Tüm bu acıların son bulması için ‘Kadın Cinayetlerini Durduracağız Platformu’ Temsilcisi Dr. Gülsüm Kav ile bir araya geldik. Kadının öldürülebildiği bir yerde diğer hak ihlallerinin çok daha rahat yapılabileceğini kaydeden Kav, erkek egemenliği ve onun sırtını sıvazlayan hükümet nedeniyle böyle kanlı bir süreç yaşandığını söylüyor.
Özgecan Aslan cinayetine toplumun topyekûn tepki vermesini nasıl değerlendiriyorsunuz?

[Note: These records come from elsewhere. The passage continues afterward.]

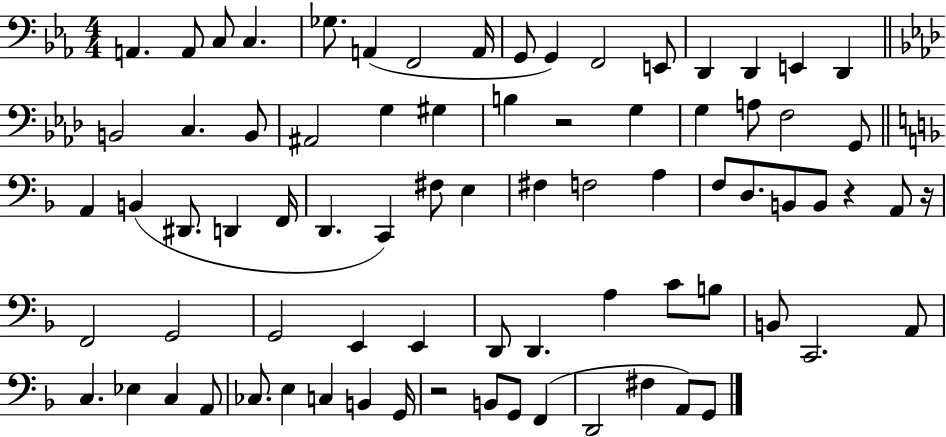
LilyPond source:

{
  \clef bass
  \numericTimeSignature
  \time 4/4
  \key ees \major
  a,4. a,8 c8 c4. | ges8. a,4( f,2 a,16 | g,8 g,4) f,2 e,8 | d,4 d,4 e,4 d,4 | \break \bar "||" \break \key aes \major b,2 c4. b,8 | ais,2 g4 gis4 | b4 r2 g4 | g4 a8 f2 g,8 | \break \bar "||" \break \key f \major a,4 b,4( dis,8. d,4 f,16 | d,4. c,4) fis8 e4 | fis4 f2 a4 | f8 d8. b,8 b,8 r4 a,8 r16 | \break f,2 g,2 | g,2 e,4 e,4 | d,8 d,4. a4 c'8 b8 | b,8 c,2. a,8 | \break c4. ees4 c4 a,8 | ces8. e4 c4 b,4 g,16 | r2 b,8 g,8 f,4( | d,2 fis4 a,8) g,8 | \break \bar "|."
}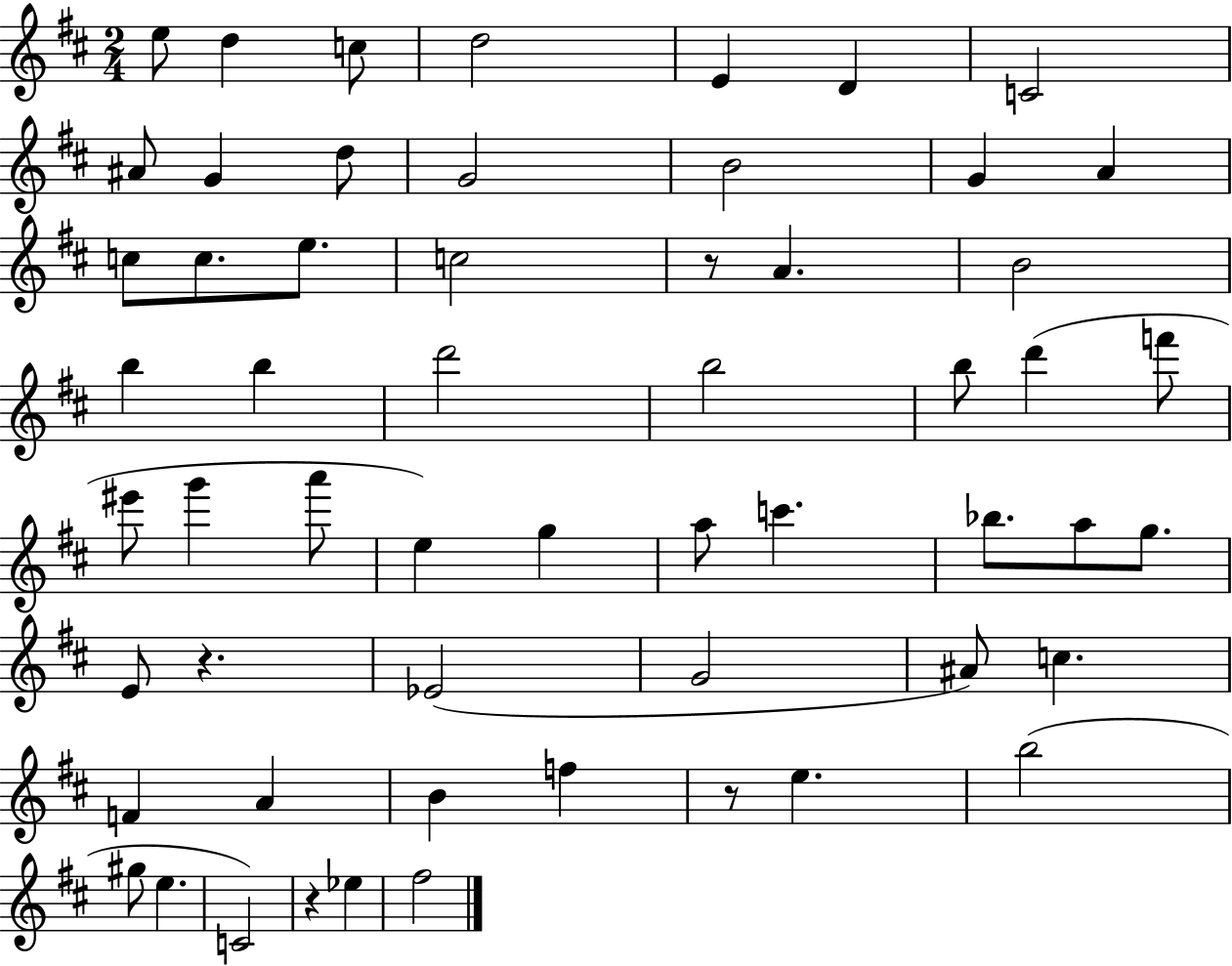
{
  \clef treble
  \numericTimeSignature
  \time 2/4
  \key d \major
  \repeat volta 2 { e''8 d''4 c''8 | d''2 | e'4 d'4 | c'2 | \break ais'8 g'4 d''8 | g'2 | b'2 | g'4 a'4 | \break c''8 c''8. e''8. | c''2 | r8 a'4. | b'2 | \break b''4 b''4 | d'''2 | b''2 | b''8 d'''4( f'''8 | \break eis'''8 g'''4 a'''8 | e''4) g''4 | a''8 c'''4. | bes''8. a''8 g''8. | \break e'8 r4. | ees'2( | g'2 | ais'8) c''4. | \break f'4 a'4 | b'4 f''4 | r8 e''4. | b''2( | \break gis''8 e''4. | c'2) | r4 ees''4 | fis''2 | \break } \bar "|."
}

Özgecan için gösterilen tepki aslında toplumun günlerdir TV haberlerinde izlediği kadın cinayetlerinin tümüne göstermiş olduğu bir tepkidir. Bizim toplumumuz durur ama bir yerde vicdani bir patlama yaşayınca tepkisini gösterir. Berkin Elvan meselesinde de böyle oldu. Kadınlardan örnek verecek olursak Güldünya Tören hastane ortamında öldürülmüştü. Töre ve namus adına işlenen bir cinayetle, hastane gibi hayat kurtarılan bir yerde onun öldürülmesi ve kurtarılamaması gibi skandal bir şeye karşı da toplum çok iyi bir tepki verdi. Bir kısım insanlar namus saikiyle ayağa kalksa da büyük bir bölümü kadın cinayetine karşı çıktığı için sesini çıkarıyor. Tabii bir kısım insanların yine namus kavramıyla yaklaşması sebebiyle bu tepki daha faşizan bir tepki ile gündeme geldi. İdam gibi…

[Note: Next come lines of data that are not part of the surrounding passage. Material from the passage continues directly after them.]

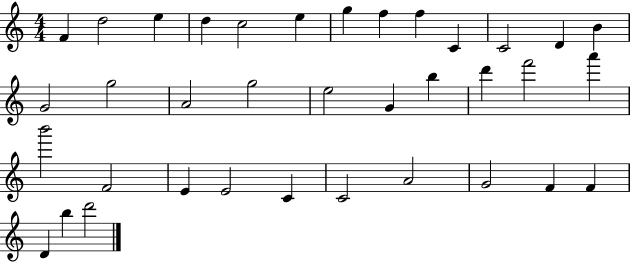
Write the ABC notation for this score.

X:1
T:Untitled
M:4/4
L:1/4
K:C
F d2 e d c2 e g f f C C2 D B G2 g2 A2 g2 e2 G b d' f'2 a' b'2 F2 E E2 C C2 A2 G2 F F D b d'2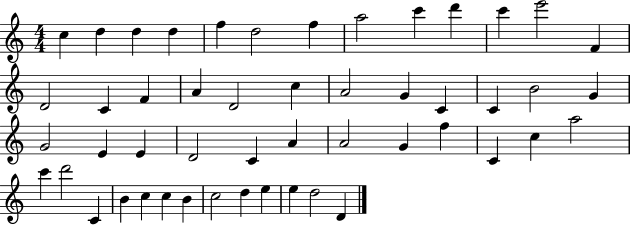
C5/q D5/q D5/q D5/q F5/q D5/h F5/q A5/h C6/q D6/q C6/q E6/h F4/q D4/h C4/q F4/q A4/q D4/h C5/q A4/h G4/q C4/q C4/q B4/h G4/q G4/h E4/q E4/q D4/h C4/q A4/q A4/h G4/q F5/q C4/q C5/q A5/h C6/q D6/h C4/q B4/q C5/q C5/q B4/q C5/h D5/q E5/q E5/q D5/h D4/q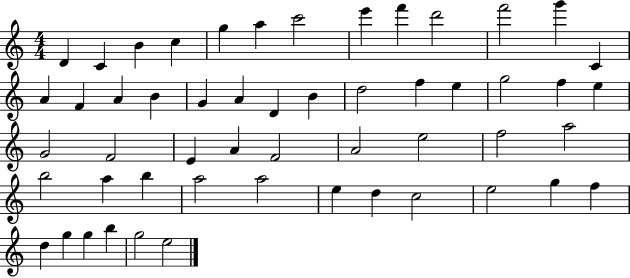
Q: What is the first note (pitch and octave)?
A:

Türkiye’de iş hayatında, sosyal hayatta kadının durumu ile ilgili görüşlerinizi alabilir miyiz?
Türkiye’de kadınların konumu, olması gerektiği gibi bir noktada değil. Kadın olabilecek en üst düzeyde zararı görerek can kaybı yaşıyor. Ölümlü durum en önemli durumdur. O yüzden de biz platformda nokta hedef olarak kadın cinayetlerini durdurma olarak seçtik. Çünkü kadınların hayatını alabildiğin, kadını kolay öldürebildiğin bir durumda diğer hak ihlalleri çok rahat yapılabilir. Kadına yönelik şiddet en üst düzeyde ifadesiyle cinayet olarak Türkiye’de büyük bir problem. Bu konuşulduğunda ‘Dünyada da şiddet var’ sözüyle karşılaşıyoruz. Sorumlu makamlar tarafından sık dile getiriliyor. Tabii ki dünyada kadınların yaşadığı sorunlar bitmedi. Her ülkede farklı türden sorunlar yaşanıyor. Ama böyle ölümlü sorunu yaşayan yer Türkiye. Bir dönem Meksika sınırında göçmen kadınlar çok sık öldürülüyordu, hatta filmlere bile konu oldu. Orada bile alınması gereken önlemler alındı. Hindistan’da cinsel taciz, saldırı çok, onunla uğraşıyor kadınlar. Ama can meselesiyle uğraşan biziz…
KADINLAR İSTİHDAMDA DA ŞİDDET GÖRÜYOR, ÇALIŞANLARIN ÇOĞU MEVSİMLİK İŞÇİ
Türkiye’de kadının ikinci problemi istihdam. Kadın iş istihdamında da çok büyük bir şiddet olduğunu düşünüyorum. Kadınların yüzde 70’i istihdam alanının dışında. Bu yüzde 70’lik rakam işsizlik rakamlarında da sayılmıyor. Yani kadın üretici bir özne olarak bu rakama bile giremiyor. Resmi makamların gösterdiği kadın işsizlik rakamı böyle. TÜİK verilerinde çalışıyor olarak gösterilen kadınlar ise tarım işçisi, mevsimlik işçi… Yani onlar da tam güvenceli olarak çalışıyor değiller. O bakımdan bu kadar yüksek oranda üretim alanından dışlanma, kadınların kendi ayakları üzerinde durabilmesinin yaygınlaştırılmaması, çok kolay zedelenebilir hale getiriyor.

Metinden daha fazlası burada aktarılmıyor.